2015 Webster Award winner and Player of the Year Rodrigo Orozco is a 20-year-old Panamanian who signed as an international free agent. Orozco was a star in the DSL last year before jumping all the way to Bluefield and continuing to hit, slashing .300/.368/.435 before a three-game trip to Vancouver (where he hit two doubles and a single in nine at bats while walking four times). Orozco has a bit of pop, hitting 16 doubles, a triple and four home runs for the Blue Jays while walking in 9.4% of his plate appearances and striking out in only 13.8%. Orozco is an intriguing young player who I’m looking forward to getting a look at in 2016 probably in Lansing.

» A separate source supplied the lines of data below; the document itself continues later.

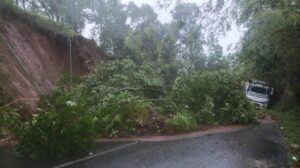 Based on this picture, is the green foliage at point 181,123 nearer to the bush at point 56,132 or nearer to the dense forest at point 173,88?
the dense forest at point 173,88

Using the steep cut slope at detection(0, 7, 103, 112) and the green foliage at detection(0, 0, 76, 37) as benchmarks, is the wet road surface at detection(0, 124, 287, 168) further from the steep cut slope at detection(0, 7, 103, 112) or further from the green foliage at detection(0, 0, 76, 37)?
the green foliage at detection(0, 0, 76, 37)

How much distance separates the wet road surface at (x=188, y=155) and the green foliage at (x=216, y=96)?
3.49 m

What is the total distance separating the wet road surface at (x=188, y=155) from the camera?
7281mm

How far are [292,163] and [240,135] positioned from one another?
13.3ft

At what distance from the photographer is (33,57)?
55.6 feet

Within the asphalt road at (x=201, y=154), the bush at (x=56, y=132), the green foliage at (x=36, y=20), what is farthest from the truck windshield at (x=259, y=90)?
the bush at (x=56, y=132)

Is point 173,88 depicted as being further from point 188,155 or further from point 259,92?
point 259,92

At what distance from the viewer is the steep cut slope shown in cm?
1182

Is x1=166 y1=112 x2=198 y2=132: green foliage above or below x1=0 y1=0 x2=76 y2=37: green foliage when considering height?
below

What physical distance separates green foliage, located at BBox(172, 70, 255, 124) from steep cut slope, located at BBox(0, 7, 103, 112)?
18.5 ft

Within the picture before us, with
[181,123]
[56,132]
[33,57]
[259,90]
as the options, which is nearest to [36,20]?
[33,57]

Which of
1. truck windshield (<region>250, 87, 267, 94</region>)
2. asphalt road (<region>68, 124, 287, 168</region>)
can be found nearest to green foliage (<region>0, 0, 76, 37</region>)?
asphalt road (<region>68, 124, 287, 168</region>)

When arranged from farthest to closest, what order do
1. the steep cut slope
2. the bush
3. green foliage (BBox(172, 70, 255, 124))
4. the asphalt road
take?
green foliage (BBox(172, 70, 255, 124)), the steep cut slope, the bush, the asphalt road

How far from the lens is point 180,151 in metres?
8.88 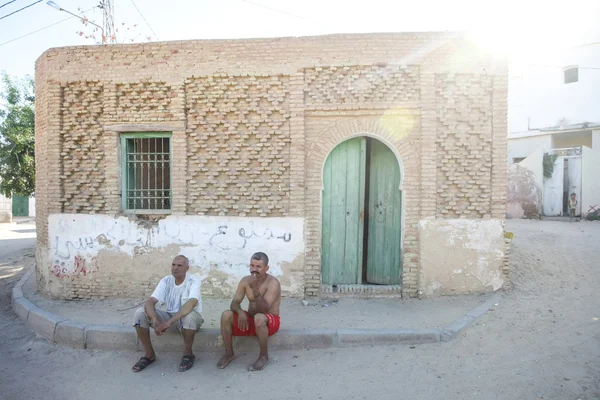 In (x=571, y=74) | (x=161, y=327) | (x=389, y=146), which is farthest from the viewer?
(x=571, y=74)

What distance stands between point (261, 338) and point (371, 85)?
4.03 meters

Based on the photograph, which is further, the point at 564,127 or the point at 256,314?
the point at 564,127

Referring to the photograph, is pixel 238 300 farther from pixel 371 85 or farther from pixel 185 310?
pixel 371 85

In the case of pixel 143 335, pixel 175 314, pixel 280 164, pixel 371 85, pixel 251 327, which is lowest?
pixel 143 335

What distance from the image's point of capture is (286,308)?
561 cm

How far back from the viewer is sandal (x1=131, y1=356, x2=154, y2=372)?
4221 millimetres

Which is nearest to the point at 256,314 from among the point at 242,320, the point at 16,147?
the point at 242,320

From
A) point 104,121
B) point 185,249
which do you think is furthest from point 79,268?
point 104,121

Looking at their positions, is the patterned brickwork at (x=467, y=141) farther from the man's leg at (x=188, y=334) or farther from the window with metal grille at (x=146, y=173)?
the window with metal grille at (x=146, y=173)

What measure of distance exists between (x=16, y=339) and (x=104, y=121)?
11.5ft

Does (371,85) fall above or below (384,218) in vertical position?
above

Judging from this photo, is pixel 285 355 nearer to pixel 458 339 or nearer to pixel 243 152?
pixel 458 339

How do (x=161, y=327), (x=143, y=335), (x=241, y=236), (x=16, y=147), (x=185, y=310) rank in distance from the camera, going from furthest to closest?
(x=16, y=147) → (x=241, y=236) → (x=143, y=335) → (x=185, y=310) → (x=161, y=327)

Freddy Rodriguez, another international free agent, from the same class as Yeltsin Gudino, made his Appalachian League debut at the age of 18. Rodriguez’s numbers held fairly stable from year to year, even considering his promotion from the GCL to the Appy League. Rodriguez hit .232/.298/.323 with a 7.7% walk rate and 22.0% strikeout rate, both fairly steady from last year (including a 1.3% strikeout rate drop). Rodriguez is hitting with a bit of power, hitting four doubles, a triple and three home runs but he’s still not doing what one might hope from a corner outfielder. Rodriguez, like Gudino, could got to Vancouver next year and still be young for the level or, if the Jays are really pushing, he could go to Lansing.
22nd-round pick in 2015, Nick Sinay came out of Buffalo, New York and played in 33 games for the Bluefield club, hitting .227/.382/.307. The most impressive number there is the 13.4% walk rate in 112 plate appearances but he had only five extra-base hits (four doubles and a home run) in 20 hits. He might have a pretty good arm, throwing out four runners in just 29 games.

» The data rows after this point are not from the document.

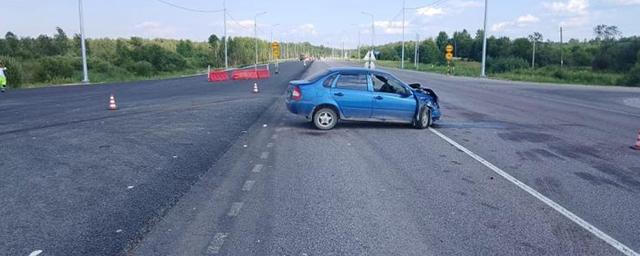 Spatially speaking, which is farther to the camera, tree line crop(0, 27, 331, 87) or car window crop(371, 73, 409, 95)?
tree line crop(0, 27, 331, 87)

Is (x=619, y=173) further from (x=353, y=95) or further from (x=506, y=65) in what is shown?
(x=506, y=65)

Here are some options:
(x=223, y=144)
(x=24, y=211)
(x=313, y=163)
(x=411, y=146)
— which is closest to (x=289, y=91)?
(x=223, y=144)

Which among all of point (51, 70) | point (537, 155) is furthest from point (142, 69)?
point (537, 155)

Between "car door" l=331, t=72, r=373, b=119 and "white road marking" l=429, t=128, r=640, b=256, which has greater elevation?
"car door" l=331, t=72, r=373, b=119

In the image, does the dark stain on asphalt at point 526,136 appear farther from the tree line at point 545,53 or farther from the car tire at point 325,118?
the tree line at point 545,53

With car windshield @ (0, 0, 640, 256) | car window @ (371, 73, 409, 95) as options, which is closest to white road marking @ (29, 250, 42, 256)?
car windshield @ (0, 0, 640, 256)

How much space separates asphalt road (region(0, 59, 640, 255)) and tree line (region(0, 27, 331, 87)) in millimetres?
28435

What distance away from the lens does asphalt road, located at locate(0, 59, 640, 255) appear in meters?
5.05

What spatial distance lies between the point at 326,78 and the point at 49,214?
8.10 metres

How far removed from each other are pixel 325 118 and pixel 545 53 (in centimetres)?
9232

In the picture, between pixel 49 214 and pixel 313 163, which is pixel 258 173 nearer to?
pixel 313 163

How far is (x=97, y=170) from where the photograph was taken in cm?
805

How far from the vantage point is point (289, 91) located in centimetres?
1330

Infielder Aaron Attaway came to the plate 102 times in 2015 with Bluefield, also getting into five games with the Dunedin Blue Jays. The stats weren’t great overall with a .216/.297/.307 line, Attaway is a flexible infielder, capable of playing short, second and third and will probably be a utility infielder in Vancouver next year as a 24 year old.
Catcher Andres Sotillo, a 21-year-old Venezuelan, has been a backup in rookie ball for several years now. This year, he had one of his best with the bat, hitting .250/.375/.403 with a double, two triples and two home runs in just 89 plate appearances, walking nine times and striking out 16 times.
Oft-injured Jacob Anderson made his return in 2015 after playing in just three games since 2012. Anderson got into just 19 games and hit .159/.206/.190 with just one walk and 23 strikeouts in 68 plate appearances but anything has to be seen as a small victory. Next year, Anderson is going to need to produce, particularly now that he’s 22.
Dave Pepe was another backup outfielder, playing in just 23 games and coming to the plate 55 times. He hit .222/.321/.244 and was able to get walks without striking out much. Dean Bell (son of George), hit .163/.213/.233 at his highest level yet, playing in 17 games. After seven games, hitting .200/.231/.280, infielder Edwin Fuentes was released by the Blue Jays back in July. Another backup catcher, Brett Wellman had just 22 plate appearances all year, 18 of them in Bluefield, and hit .222/.364/.222.